Start of Source material

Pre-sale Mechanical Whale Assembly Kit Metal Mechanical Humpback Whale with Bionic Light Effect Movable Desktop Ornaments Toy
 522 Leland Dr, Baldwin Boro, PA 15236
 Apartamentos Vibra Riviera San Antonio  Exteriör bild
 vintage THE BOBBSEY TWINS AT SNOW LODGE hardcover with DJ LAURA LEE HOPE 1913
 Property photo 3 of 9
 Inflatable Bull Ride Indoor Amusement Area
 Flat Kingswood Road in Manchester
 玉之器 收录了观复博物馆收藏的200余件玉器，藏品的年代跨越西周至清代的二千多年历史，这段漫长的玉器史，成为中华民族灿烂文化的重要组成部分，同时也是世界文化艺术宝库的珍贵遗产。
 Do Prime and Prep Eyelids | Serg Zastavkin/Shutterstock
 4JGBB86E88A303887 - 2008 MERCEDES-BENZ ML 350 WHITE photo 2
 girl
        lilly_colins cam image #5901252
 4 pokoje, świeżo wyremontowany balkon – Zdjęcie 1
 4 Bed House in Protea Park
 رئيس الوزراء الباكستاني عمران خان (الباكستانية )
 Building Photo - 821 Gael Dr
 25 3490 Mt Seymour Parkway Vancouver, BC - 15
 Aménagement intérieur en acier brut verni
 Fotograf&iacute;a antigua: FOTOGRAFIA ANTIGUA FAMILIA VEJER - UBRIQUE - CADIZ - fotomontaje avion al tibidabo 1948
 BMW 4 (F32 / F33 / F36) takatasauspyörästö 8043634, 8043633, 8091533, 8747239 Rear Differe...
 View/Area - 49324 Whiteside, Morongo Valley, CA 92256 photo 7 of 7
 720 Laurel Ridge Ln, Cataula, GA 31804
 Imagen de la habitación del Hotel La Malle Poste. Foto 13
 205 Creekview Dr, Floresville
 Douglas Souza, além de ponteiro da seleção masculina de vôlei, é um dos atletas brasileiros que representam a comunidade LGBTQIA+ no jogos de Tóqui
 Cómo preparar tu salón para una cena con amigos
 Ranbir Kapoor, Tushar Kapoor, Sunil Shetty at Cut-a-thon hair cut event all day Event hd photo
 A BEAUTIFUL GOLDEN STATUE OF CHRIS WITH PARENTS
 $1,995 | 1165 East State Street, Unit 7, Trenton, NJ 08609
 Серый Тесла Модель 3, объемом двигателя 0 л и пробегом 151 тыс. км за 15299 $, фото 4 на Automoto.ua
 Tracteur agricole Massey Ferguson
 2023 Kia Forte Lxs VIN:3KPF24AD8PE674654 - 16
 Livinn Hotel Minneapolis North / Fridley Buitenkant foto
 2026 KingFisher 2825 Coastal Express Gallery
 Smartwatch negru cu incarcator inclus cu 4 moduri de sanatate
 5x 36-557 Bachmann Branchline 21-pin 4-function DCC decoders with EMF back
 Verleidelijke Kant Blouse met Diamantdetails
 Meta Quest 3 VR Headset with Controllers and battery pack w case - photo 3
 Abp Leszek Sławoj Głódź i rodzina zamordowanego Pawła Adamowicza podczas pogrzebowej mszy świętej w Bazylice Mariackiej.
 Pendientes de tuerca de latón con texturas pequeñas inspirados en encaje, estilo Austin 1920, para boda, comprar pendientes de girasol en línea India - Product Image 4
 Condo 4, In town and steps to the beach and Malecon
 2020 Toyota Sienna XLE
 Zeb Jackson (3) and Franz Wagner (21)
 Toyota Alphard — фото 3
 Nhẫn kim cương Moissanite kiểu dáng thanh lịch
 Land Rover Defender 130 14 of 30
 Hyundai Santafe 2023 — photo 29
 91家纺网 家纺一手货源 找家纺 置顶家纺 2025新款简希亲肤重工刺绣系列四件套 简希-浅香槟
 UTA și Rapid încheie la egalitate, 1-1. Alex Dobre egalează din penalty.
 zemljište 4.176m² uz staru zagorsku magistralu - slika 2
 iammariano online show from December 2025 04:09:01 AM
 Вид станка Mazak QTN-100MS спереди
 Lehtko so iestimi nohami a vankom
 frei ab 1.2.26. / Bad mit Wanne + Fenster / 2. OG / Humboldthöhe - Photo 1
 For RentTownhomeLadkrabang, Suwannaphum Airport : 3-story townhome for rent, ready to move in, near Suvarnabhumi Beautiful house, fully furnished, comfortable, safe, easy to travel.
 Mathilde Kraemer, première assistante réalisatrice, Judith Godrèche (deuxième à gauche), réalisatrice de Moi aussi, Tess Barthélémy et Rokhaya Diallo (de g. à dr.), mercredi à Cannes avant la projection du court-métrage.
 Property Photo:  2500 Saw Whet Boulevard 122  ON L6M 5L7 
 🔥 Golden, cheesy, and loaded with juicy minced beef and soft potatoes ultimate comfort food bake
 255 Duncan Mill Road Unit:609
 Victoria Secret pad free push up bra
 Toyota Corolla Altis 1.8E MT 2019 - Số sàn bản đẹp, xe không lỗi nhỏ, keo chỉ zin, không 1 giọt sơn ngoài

End of Source material

= What you should do =
Using the records above, write out exactly the lines between the one holding "2500 Saw Whet" and the one holding "Victoria Secret pad free push up bra", inclusive; leave everything else out.

= Solution =
 Property Photo:  2500 Saw Whet Boulevard 122  ON L6M 5L7 
 🔥 Golden, cheesy, and loaded with juicy minced beef and soft potatoes ultimate comfort food bake
 255 Duncan Mill Road Unit:609
 Victoria Secret pad free push up bra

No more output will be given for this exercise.